Parallèlement, de nouveaux paradigmes apparaissent dans les réflexions urbaines avec notamment celui des sols vivants. Ce sol, la pédosphère, qui ne mesure qu’un à deux mètres de profondeur, se situe à l’interface de l’atmosphère où nous évoluons et que nous aménageons, construisons, cultivons, et de la lithosphère, c’est-à-dire le niveau des roches. Porter une attention au sol, c’est veiller à sa qualité de ressource alimentaire et à l’équilibre écosystémique qui rend la planète vivable. Notre tendance au point de vue anthropocentrique combinée à une idéologie du règne financier, nous amène à traduire cette richesse des sols vivants en valeur financière : pour préserver les sols naturels et agricoles, on augmente la valeur foncière des sols urbanisés – ou comment s’engager davantage dans la spéculation foncière. Mais pourquoi ne pas inverser les tendances et assumer une ambition politique – l’accès au logement – en décidant une bonne fois pour toute d’encadrer le prix du foncier ? Car c’est bien ce qui permettrait d’offrir des logements bien construits et spacieux à des prix accessibles, de rendre possible le renouvellement de nos villes, d’entrer allègrement dans une attention réelle au sol…

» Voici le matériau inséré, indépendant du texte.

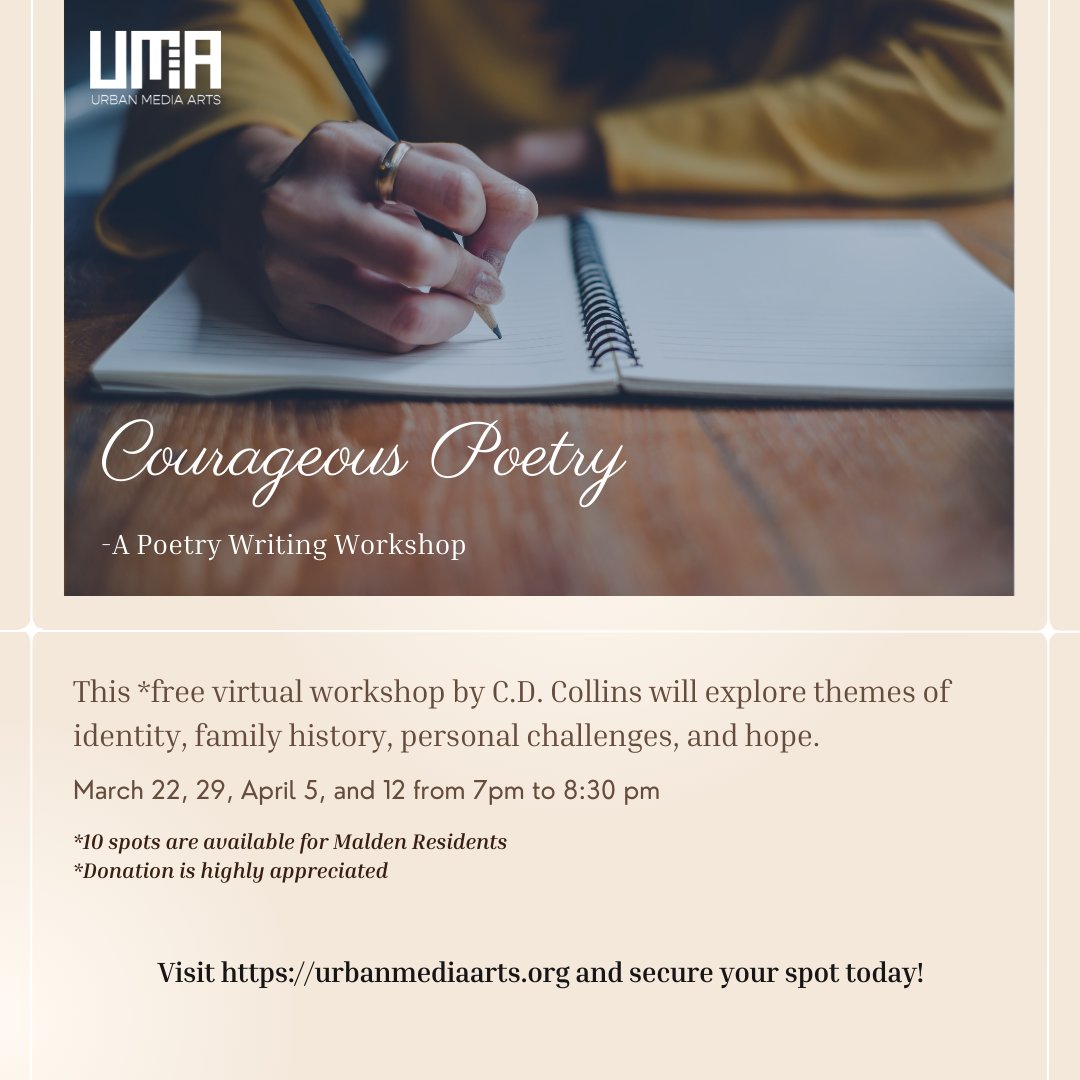 urbanmediaarts's tweet photo. #poetry #writingintensive for #malden community with acclaimed author poet spoken word artist CD Collins. Inspired by #onecityonebook pick @JoyHarjo #anamericansunrise. 4 sessions starting tue 7pm starts 3/22
Free tx to @MaldenCulture
Apply https://t.co/wpSbFNnjdp https://t.co/UMvyWsT7hG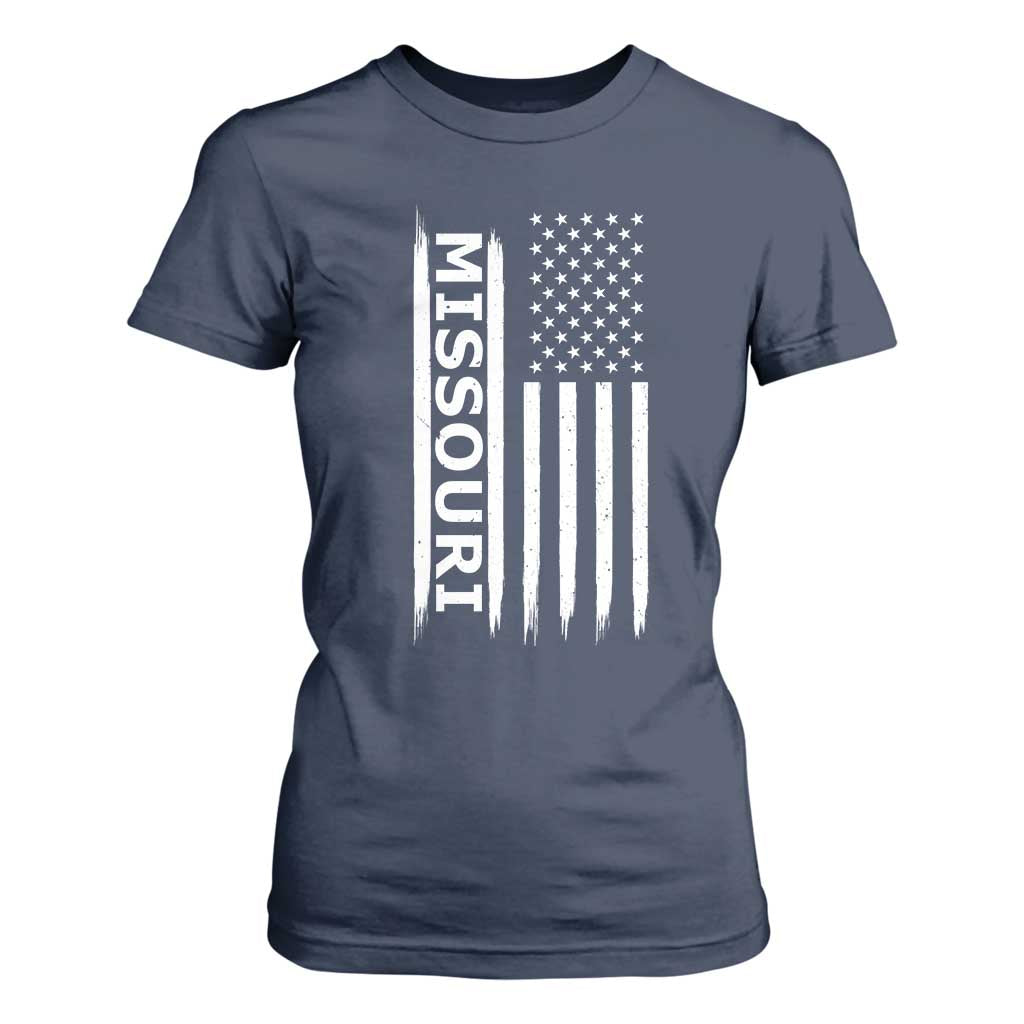 USA Flag Missouri State Pride T Shirt For Women Missourian Pride TS12 Navy Print Your Wear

Autant de sujets qui impliquent tous les acteurs, urbains ou pas, et c’est bien notre projet pour cette nouvelle édition de la revue Tous urbains ? qui commence avec ce numéro. Nous comptons ouvrir le débat à tous les points de vue, de chacun des acteurs, car nous partageons au sein de l’équipe la conviction que la fabrication de nos territoires engage la responsabilité de tous et n’est pas réservé un seul métier. Le point d’interrogation que nous introduisons dans le titre de la revue est quant à lui une invitation à penser le monde urbain en interface avec son environnement, à prendre en compte les nouvelles façons d’habiter, à dépasser les conflits urbains et ruraux, voire d’élargir notre point de vue anthropocentrique. Ainsi, nous avons le plaisir de commencer avec vous cette deuxième saison de la revue et de vous présenter sa nouvelle maquette qui a été élaborée avec la nouvelle équipe du comité de rédaction qui réunit Olivier Boesch, Cynthia Ghorra-Gobin, Philippe Estèbe, directeur de publication, Vincent Lavergne et moi-même, et avec Alma Gromard pour la conception graphique. Nous renouvelons en même temps l’ambition de la première édition qui a été portée par, dans l’ordre alphabétique, Jean-Pierre Charbonneau, Jacques Donzelot, Cynthia Ghorra-Gobin, Michel Lussault, Olivier Mongin, Philippe Panerai, Jean-Michel Roux, qui pour certains restent actifs dans la nouvelle édition, ainsi que Frédéric Bonnet, Anne Chaperon, Cristina Conrad, Stéphane Cordobes, Vincent Renard : celle d’une revue qui revendique les débats, les points de vue critiques et le ton libre autour des enjeux en œuvre dans les villes.
Shahinda Lane
[1] Pour reprendre la formule « la crise est notre chance » de Gilles Delalex et Yves Moreaux, architectes du Studio Muoto, en écho à celle de Bruno Latour : « l’apocalypse est notre chance ».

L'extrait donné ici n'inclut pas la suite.